## ASSIGNMENT
Send back the data below exactly. Drop every picture.

## PROVIDED RECORDS
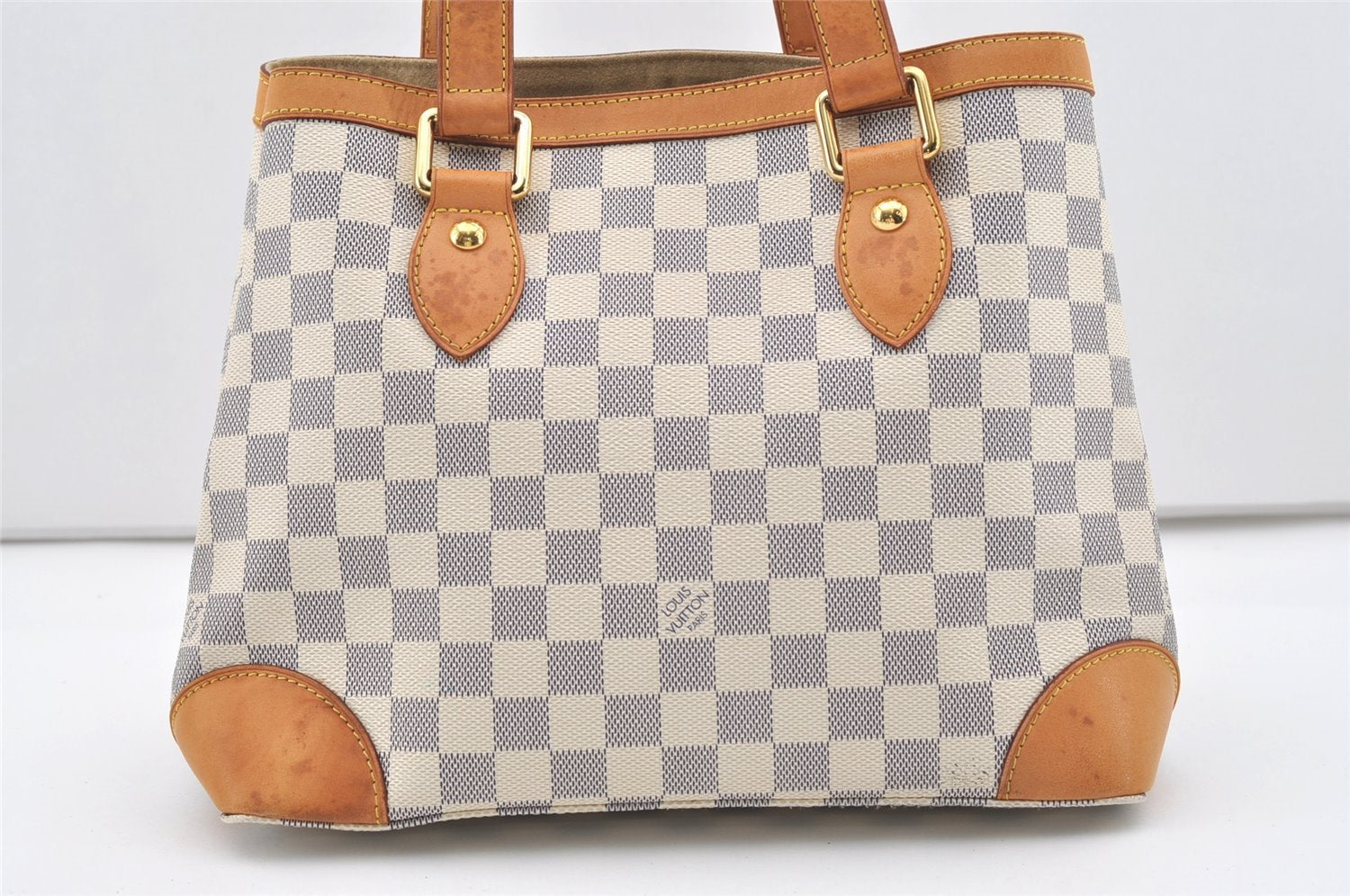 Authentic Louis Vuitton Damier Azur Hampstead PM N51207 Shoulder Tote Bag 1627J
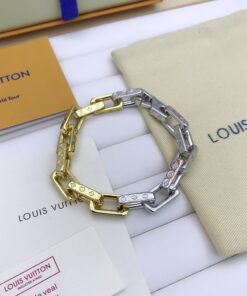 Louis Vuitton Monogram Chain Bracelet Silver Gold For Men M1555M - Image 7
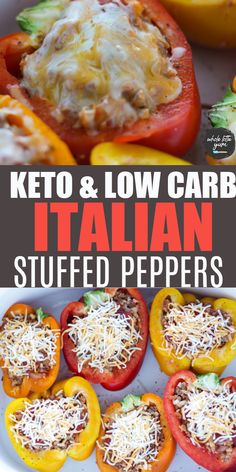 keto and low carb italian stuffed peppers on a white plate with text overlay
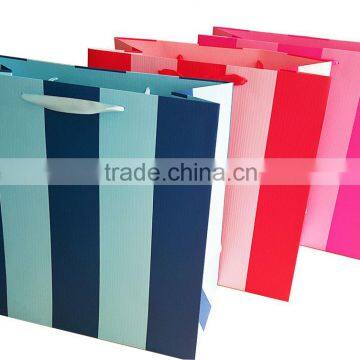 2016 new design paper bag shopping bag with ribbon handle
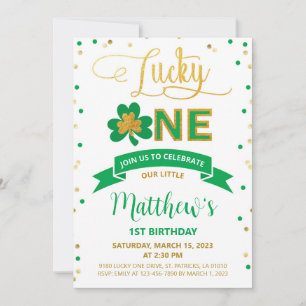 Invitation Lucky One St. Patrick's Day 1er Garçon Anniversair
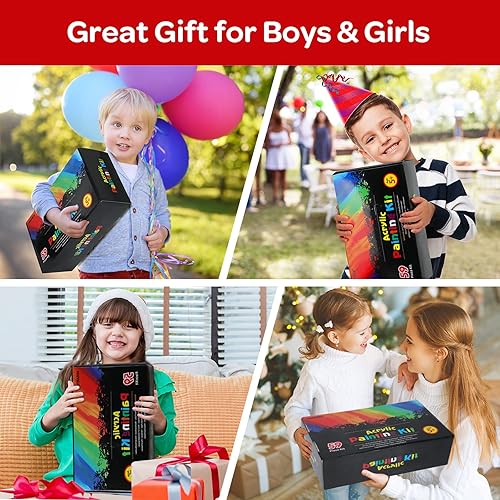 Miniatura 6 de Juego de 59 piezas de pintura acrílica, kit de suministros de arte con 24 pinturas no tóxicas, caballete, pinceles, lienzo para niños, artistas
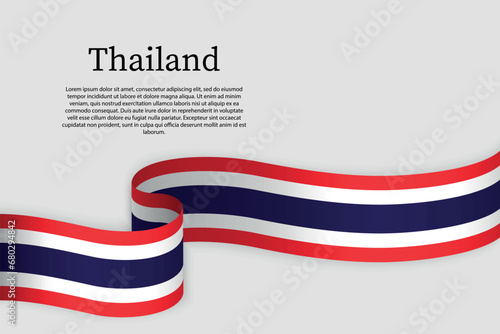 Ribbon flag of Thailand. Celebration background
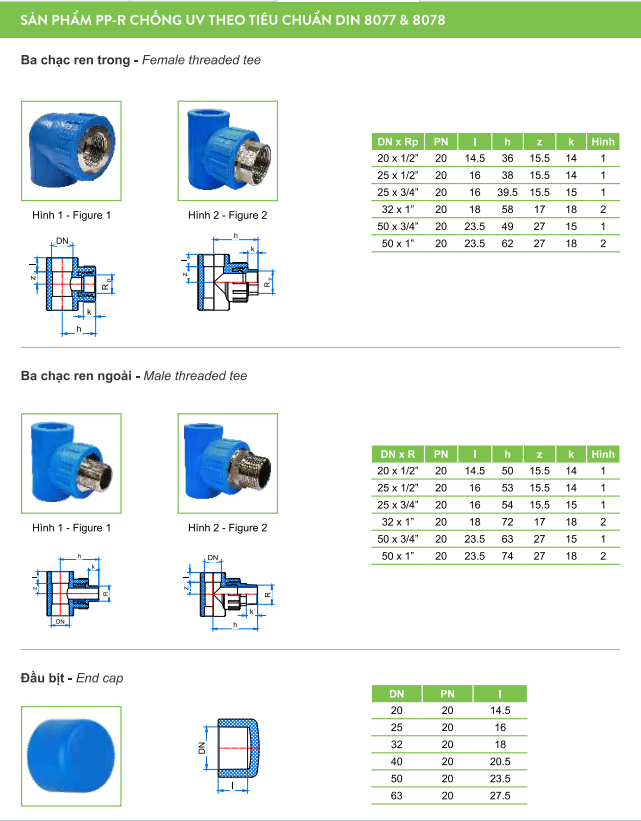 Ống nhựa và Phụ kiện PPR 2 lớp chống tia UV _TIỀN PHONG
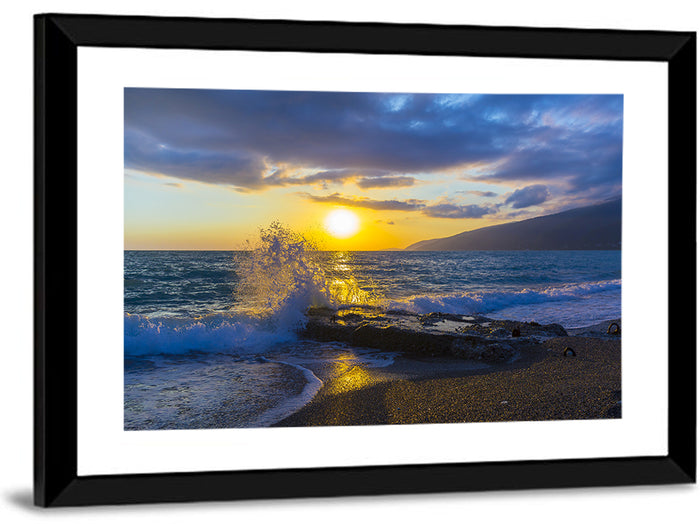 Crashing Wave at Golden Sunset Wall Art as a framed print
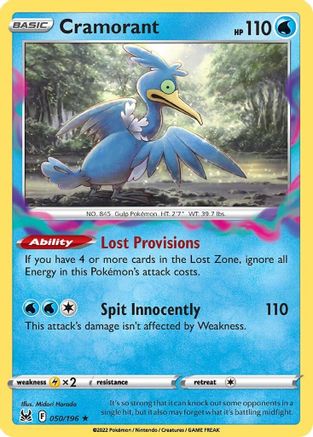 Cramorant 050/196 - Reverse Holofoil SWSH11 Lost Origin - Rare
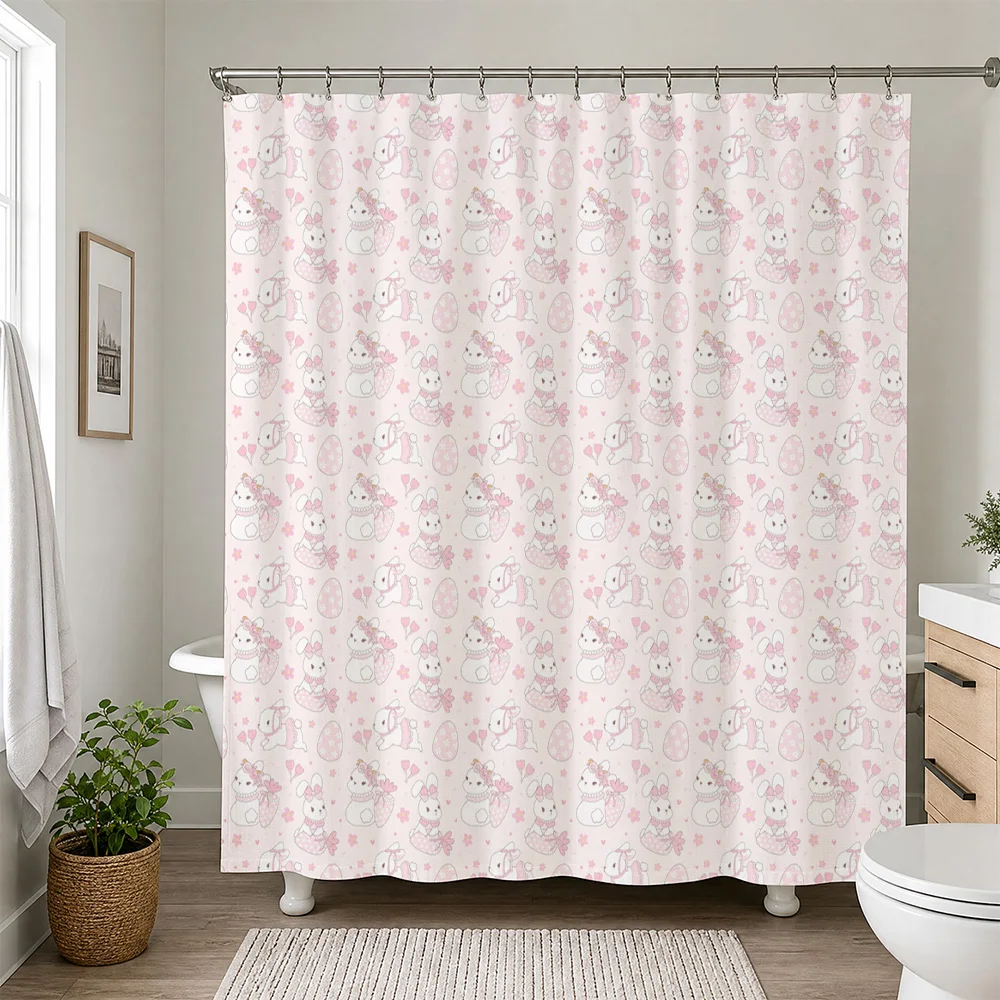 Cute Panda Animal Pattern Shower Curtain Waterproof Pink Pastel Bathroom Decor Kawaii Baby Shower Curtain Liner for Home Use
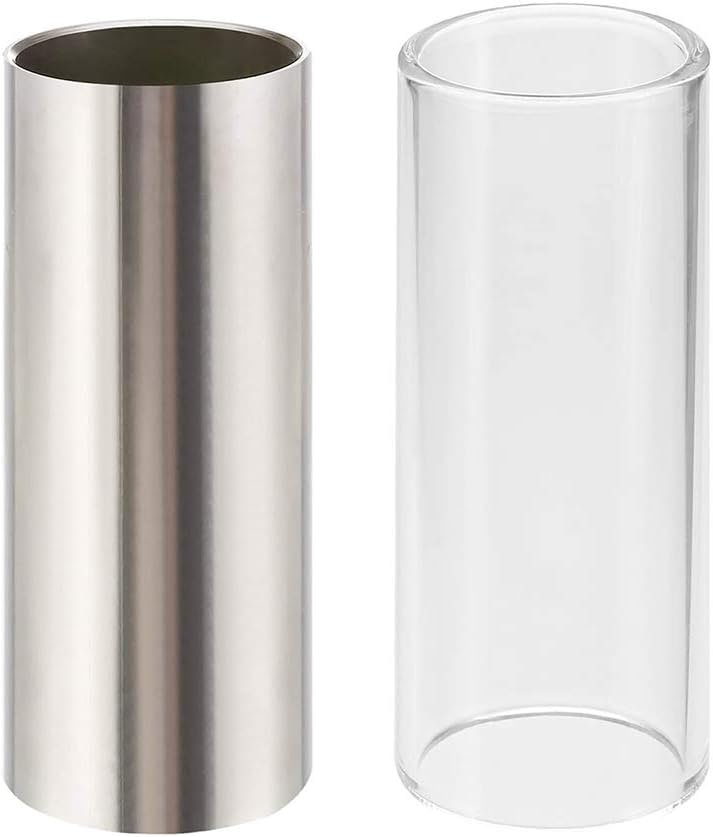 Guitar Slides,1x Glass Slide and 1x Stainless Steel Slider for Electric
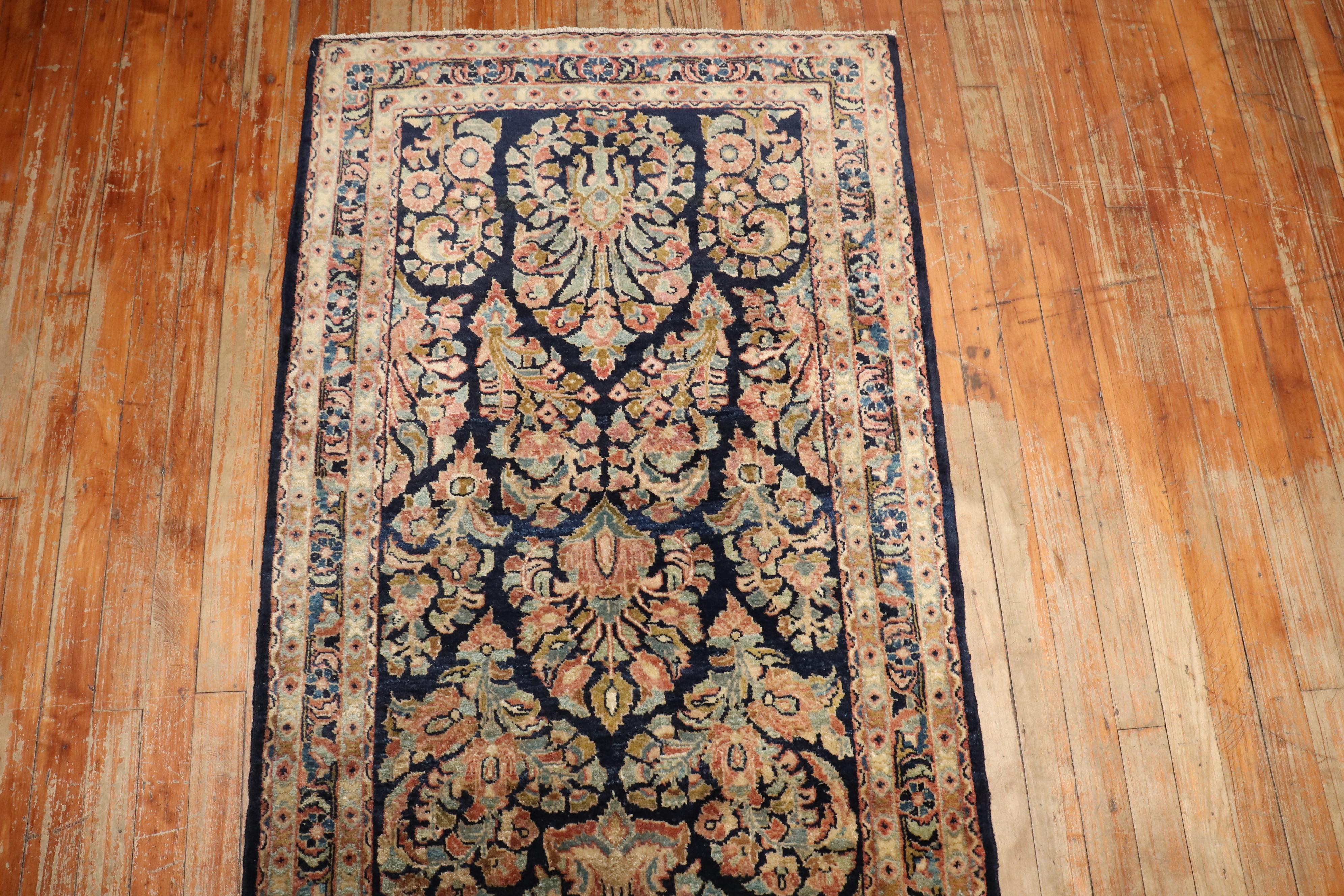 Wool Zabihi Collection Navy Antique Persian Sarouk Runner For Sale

## ANSWER TO THIS EXERCISE
 Authentic Louis Vuitton Damier Azur Hampstead PM N51207 Shoulder Tote Bag 1627J
 Louis Vuitton Monogram Chain Bracelet Silver Gold For Men M1555M - Image 7
 keto and low carb italian stuffed peppers on a white plate with text overlay
 2016 new design paper bag shopping bag with ribbon handle
 Invitation Lucky One St. Patrick's Day 1er Garçon Anniversair
 Miniatura 6 de Juego de 59 piezas de pintura acrílica, kit de suministros de arte con 24 pinturas no tóxicas, caballete, pinceles, lienzo para niños, artistas
 Ribbon flag of Thailand. Celebration background
 Ống nhựa và Phụ kiện PPR 2 lớp chống tia UV _TIỀN PHONG
 Crashing Wave at Golden Sunset Wall Art as a framed print
 Cramorant 050/196 - Reverse Holofoil SWSH11 Lost Origin - Rare
 Cute Panda Animal Pattern Shower Curtain Waterproof Pink Pastel Bathroom Decor Kawaii Baby Shower Curtain Liner for Home Use
 Guitar Slides,1x Glass Slide and 1x Stainless Steel Slider for Electric
 Wool Zabihi Collection Navy Antique Persian Sarouk Runner For Sale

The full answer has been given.